If things are well on your side, you’ll see a “thinking” emoji here: 🤔
I wanted to be able to enter these in text files, read them in, display them, and save the contents in a way that they are visible in the text file again. Sounds trivial, but every double-encoding trick I found on the web resulted in escaping the unicode char codes (\ud83e
etc.)
Reading stuff in worked with basic NSUTF8StringEncoding
, but writing not so much. Turns out the last byte of a line was stripped for some reasen. Turns out all of this was my fault. Thanks to playgrounds for giving me feedback about matching encoded data.
Emoji seem to take 7 bytes when you look at the UTF8-encoded NSData
representation. In my tests, it seemed that when an emoji was the last character in a line things went broke. I had to enter characters after it to work. These characters wouldn’t be stored, but at least the emoji would be visible.

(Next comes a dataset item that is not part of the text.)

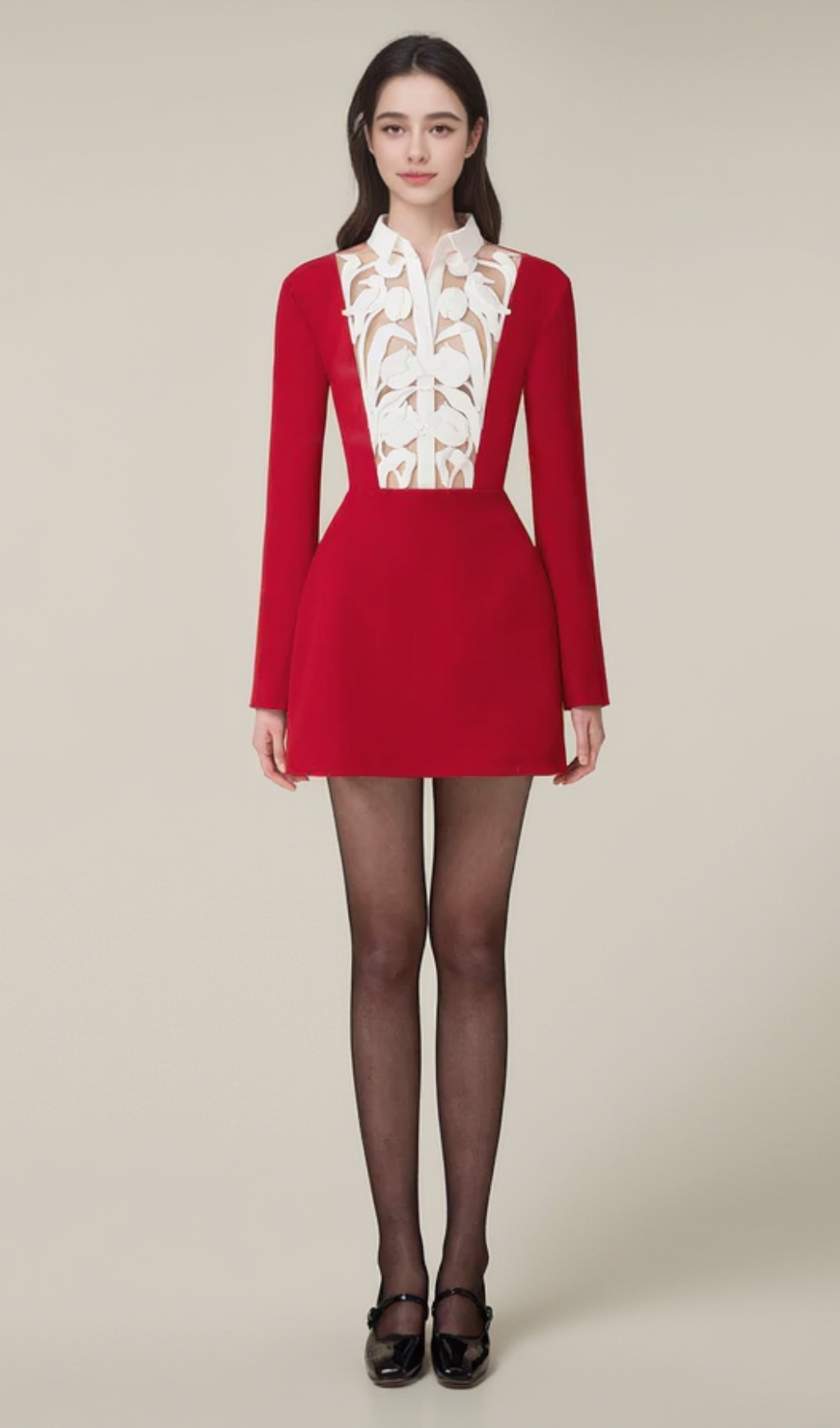 hollow a-line mini Dress in red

My fault was that I was padding strings to have a certain length like so:
extension String {
func padded(length length: Int, filler: String = " ") -> String {
return self.stringByPaddingToLength(length, withString: filler, startingAtIndex: 0)
}
}
I was not using NSString
but native Swift String
s, so I expected things to go well. But they didn’t. I don’t know for sure why this method from foundation wreaks havoc with strings containing emoji, but it sure did. At first, the fact that 1 emoji character consists of 2 UTF8-encoded unicode values at once resultet in truncating the line. Even when I increased the padding to 2x the visible character count, the last visible character was lost in the end.
I found a cheat: calculate the byte size of the given string and fill up manually:
extension String {
func padded(length length: Int, filler: String = " ") -> String {
let byteLength = self.lengthOfBytesUsingEncoding(NSUTF32StringEncoding) / 4
let paddingLength = length - byteLength
let padding = String(count: paddingLength, repeatedValue: Character(" "))
return "\(self)\(padding)"
}
}
Works like a charm and doesn’t use data. TableFlip beta testers will probably find more edge cases, but at least the app doesn’t crash or ruin your files.